La route de Beit Zera
de Hubert Mingarelli

critiqué par Tistou, le 3 juillet 2015
( - 68 ans)


La note:  étoiles
En Palestine
Hubert Mingarelli a dérogé à son modus operandi (ou du moins une partie) ! Ca fait de « la route de Beit Zera » un roman un peu à part dans sa production. Ca en fait accessoirement aussi une petite merveille …
Qu’a-t-il changé de son modus operandi me direz-vous ?
Ce qui n’a pas changé, c’est sa façon d’entomologiste des âmes, sa façon de disséquer des êtres, leurs attitudes, d’anticiper leurs sentiments ou leurs ressentis d’une manière telle qu’elle vous fait ralentir votre lecture, comme pour revenir en arrière pour vérifier qu’il a bien tout pris en compte et n’a rien oublié. C’est hallucinant de justesse et de précision ! Comme d’habitude. Non, tout ceci n’a pas changé.

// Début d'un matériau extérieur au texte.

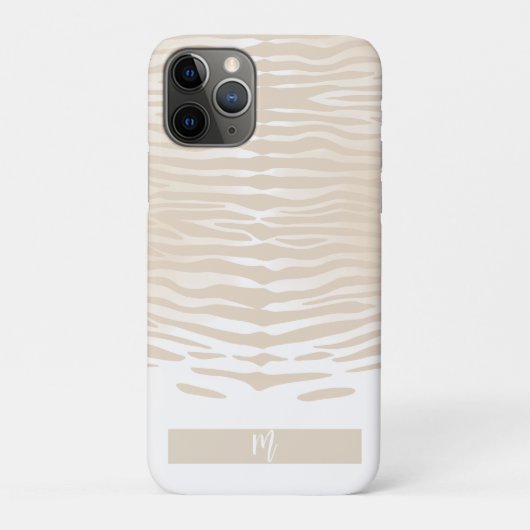 Weißer Tiger Monogramm Case-Mate iPhone Hülle (Rückseite)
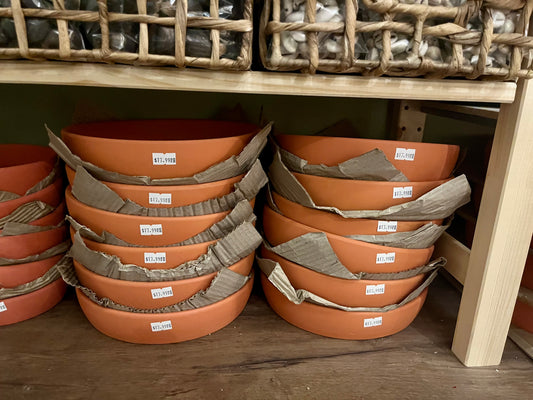 Plato de barro mediano/ Medium clay plate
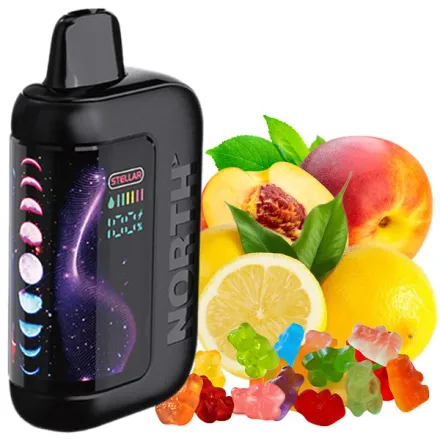 Disposable Pods North Stellar Dark Moon Edition 40000 Puffs - Peach Lemon Gummies (5%)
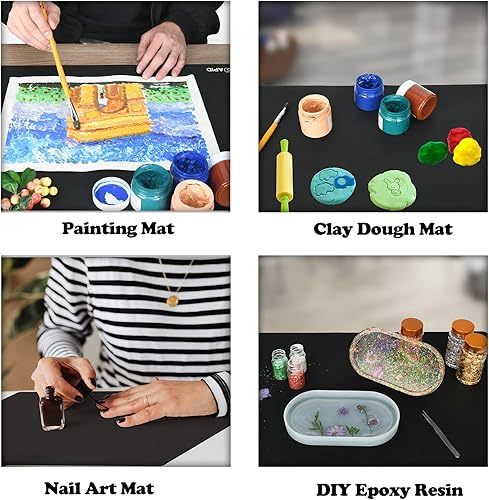 Miniatura 6 de Sapid Hoja de silicona extra grande para manualidades, alfombras de fundición de joyería de silicona gruesa, alfombrilla de silicona antideslizante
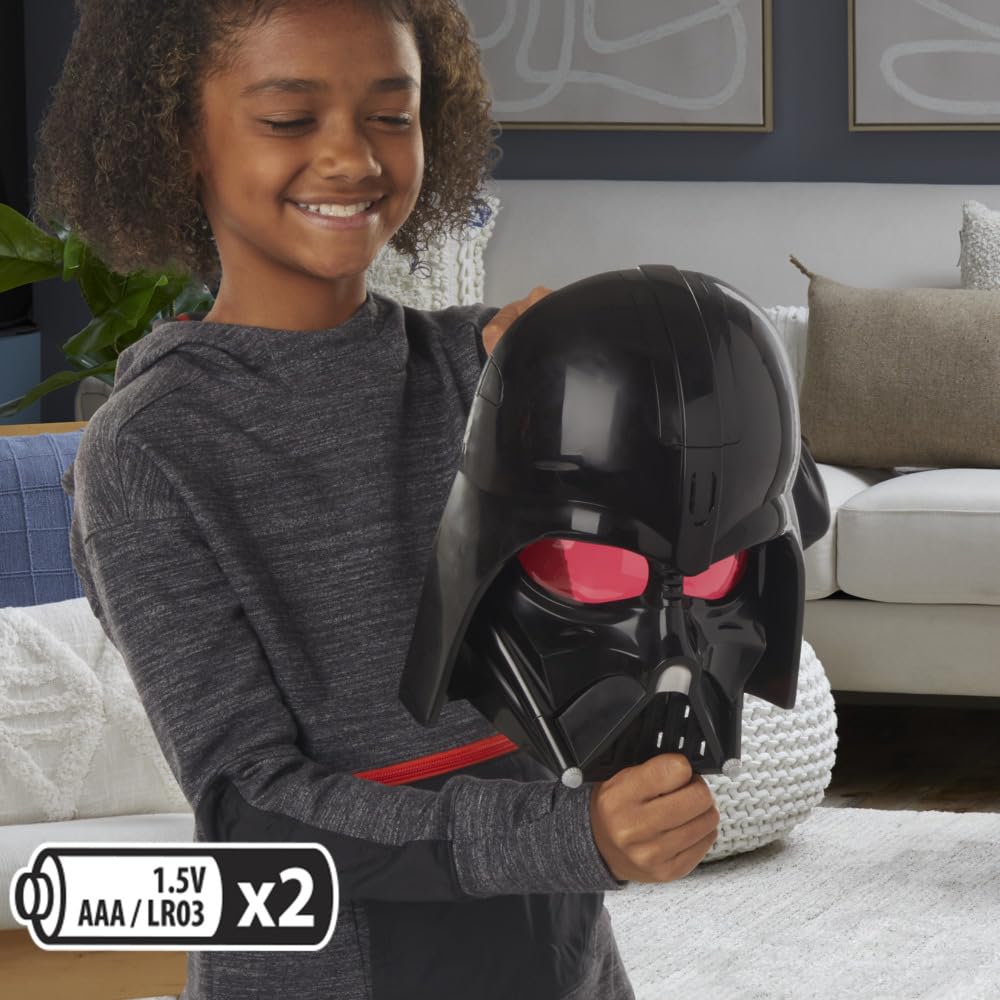 Star Wars Darth Vader Electronic Mask - Sound Effects & Phrases | Ages 5+ | Batteries Included 5
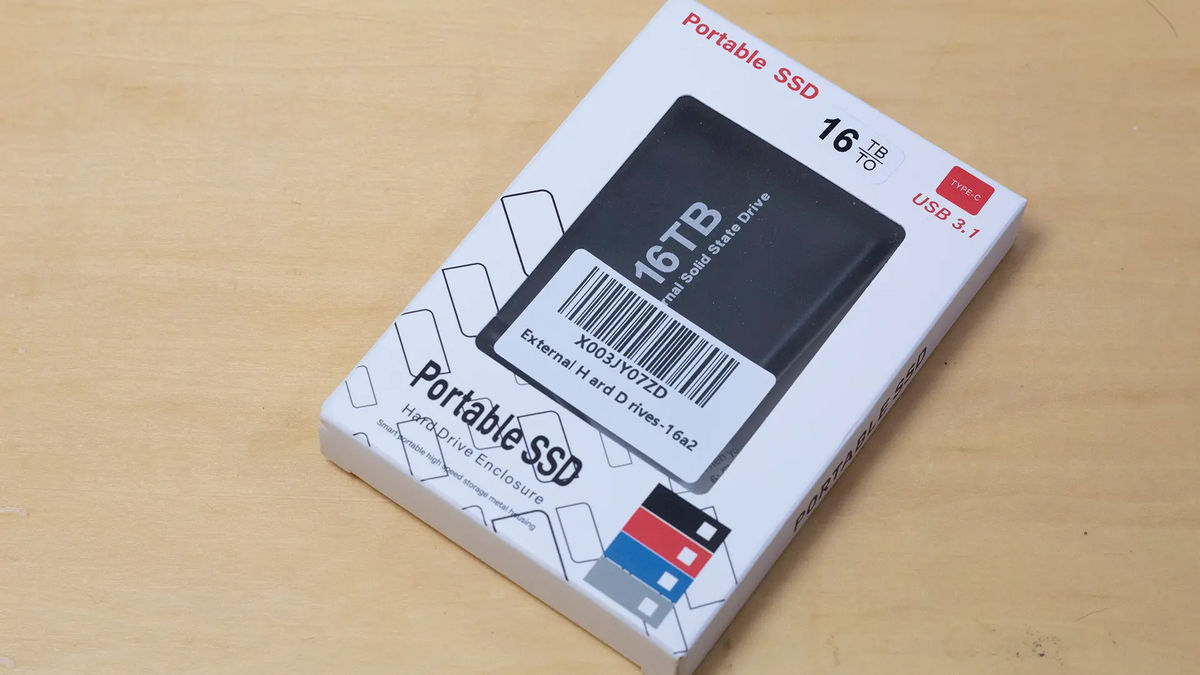 新品 外付けSSD ポータブルSSD  16TB
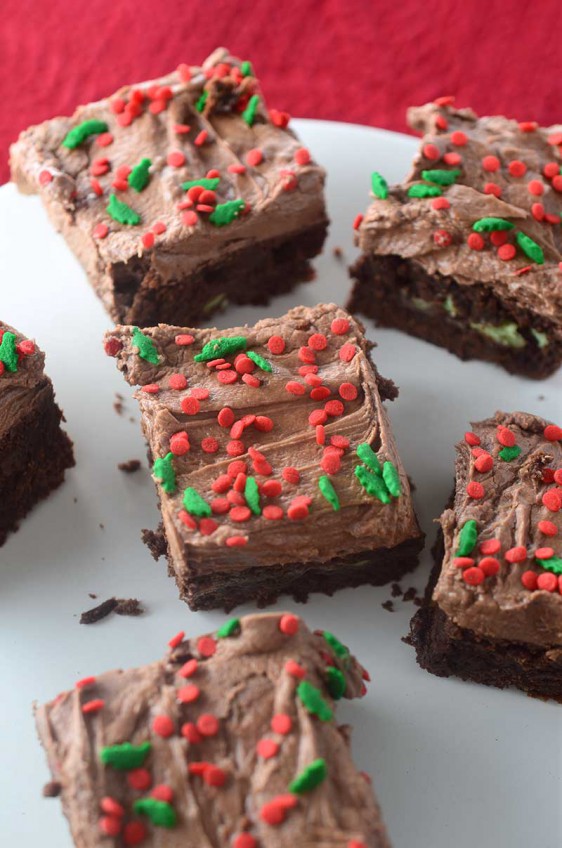 Mint Truffle Brownies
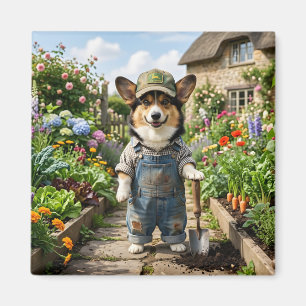 Corgi-Gärtner Magnet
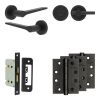Complete Gio Door Handle Pack - Bathroom - Black - By Frelan Hardware - JE-E5A2-MB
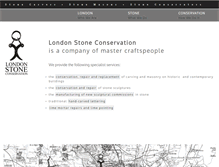 Tablet Screenshot of londonstoneconservation.co.uk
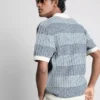 Gestricktes Polohemd mit strukturierten Streifen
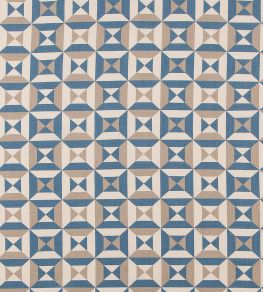 Perspectivo Fabric by Vanderhurd Azul & Beige/Moonstone Perspectivo Fabric by Vanderhurd Azul & Beige/Moonstone
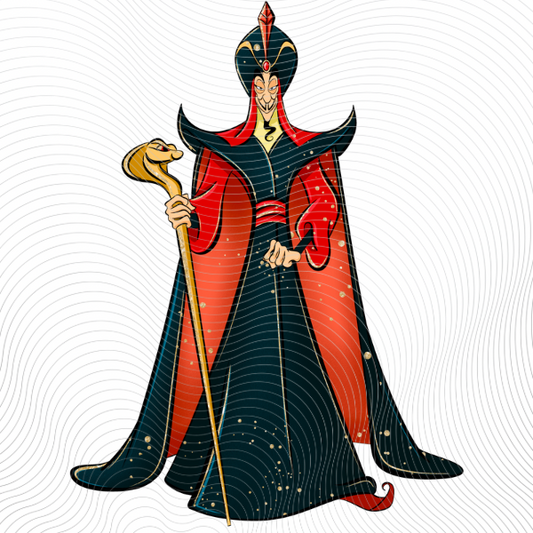 Glitter Red Genie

Homme/homme. Pas changé là non plus, il n’est quasi question que d’hommes, tout juste si la mère d’Amghar un moment prend existence dans le roman. Cela dit, un des trois héros, quasi à égalité, est la chienne de Stepan. Oui, une chienne.
Ce qui a changé, c’est un enracinement de l’histoire dans le temps, entre le fait initial qui a brisé quelque part la vie de Stepan, obligeant Yankel, son fils, à fuir en Nouvelle – Zélande, si loin d’Israël, et maintenant. Entre cette cassure initiale donc et le long laps de temps qui couvre les « visites » d’Amghar à Stepan, ou plutôt à la chienne, Hubert Mingarelli pour la première fois me semble-t-il s’installe réellement dans le temps et lui en donne. Du temps. Au temps.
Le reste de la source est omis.